Passagem de Pelé pelo Exército foi marcante como tudo que fez o rei do futebol
Uma das figuras que mais tento realizar em minha imaginação já não tão fértil é a do técnico de futebol do quartel no dia que aquela criatura adentrou seus portões, em Santos. Falcão — o treinador “Durão” — deve ter visto a luz.
Em 1956, Pelé chegou ao Santos como jovem e selvagem promessa vinda de Bauru, no interior de São Paulo. Waldemar de Brito, experiente olheiro do futebol paulista foi quem trouxe o garoto a serviço do alvinegro praiano. Afirmou de pronto ao clube: “esse menino vai ser o melhor jogador de futebol do mundo!”.
Passado um mês de sua chegada à Baixada Santista, o craque fez sua primeira partida na equipe profissional. O jogo foi contra o Corinthians de Santo André, e o Santos venceu por 7 a 1. Pelé entrou no segundo tempo e marcou o sexto gol.
Pelé começou a ser reconhecido nacionalmente ainda com 16 anos de idade. Em 1957, o garoto já era titular do Santos e foi artilheiro do Campeonato Paulista — o mais jovem até hoje — marcando 36 gols. E o resto é história. O Rei do Futebol atuou durante quase toda sua carreira no Santos, desde aquele dia em 1956 até 1974.
Ao longo desses 18 anos, ele levou o clube a conquistar dez títulos estaduais e seis campeonatos nacionais (Taça Brasil e Torneio Robertão), além de duas Copas Libertadores e dois Mundiais de Clubes, em 1962 e 1963. De quebra ainda ganhou três Copas do Mundo com a Seleção e se tornou o maior jogador de futebol de todos os tempos. Simples assim.
Mesmo já consagrado como o mais jovem campeão do mundo da História, em 1958 — depois de belíssima tarde de futebol em Estocolmo, feito que permanece até hoje — Pelé não escapou de uma situação inusitada, mas comum a muitos brasileiros, especialmente daqueles tempos.

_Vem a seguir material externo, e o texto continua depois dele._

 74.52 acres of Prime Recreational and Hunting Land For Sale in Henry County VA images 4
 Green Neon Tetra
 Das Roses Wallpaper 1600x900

Em 1959, menos de um ano após ajudar o Brasil a conquistar seu primeiro título mundial, na Suécia, o atacante do Santos e da Seleção Brasileira teve de passar um tempo distante da Vila Belmiro. Aos 18 anos, Pelé fez uma pausa na carreira para servir ao Exército. Eram raras as dispensas do serviço militar obrigatório e não havia excesso de contingente naquela época.
O soldado Nascimento (número 201) engrossou as fileiras do Exército Brasileiro em 20 de janeiro daquele ano, no 6º Grupo de Artilharia de Costa Motorizado (6º GACosM), localizado em Santos, hoje 2º Grupo de Artilharia Antiaérea (2º GAAAe) e atualmente situado em Praia Grande (SP).
Durante sua passagem trajando a farda verde-oliva, conquistou o campeonato Sul-americano de Futebol das Forças Armadas, marcando o gol decisivo no jogo final contra a Seleção Militar da Argentina (Brasil 2 x 1). Enquanto atuou pela equipe do Exército, o Rei marcou 14 gols em dez partidas. O saldo de gols ao longo de sua carreira foi de 1.283.
Em entrevista à revista Verde-Oliva em 2006, Pelé rememorou a caserna: “me orgulho muito, porque serviu de base para minha formação e meu caráter. Acho que todos os jovens deveriam passar pelo Exército”. Contou ainda à revista que aprendeu a costurar, cozinhar, lavar e passar roupas durante o serviço militar. “Eu tirava serviço de sentinela no portão do quartel, e todo mundo que passava queria cumprimentar o Pelé, campeão do mundo, e pedir autógrafos. Eu morria de vergonha e levava bronca do sargento”.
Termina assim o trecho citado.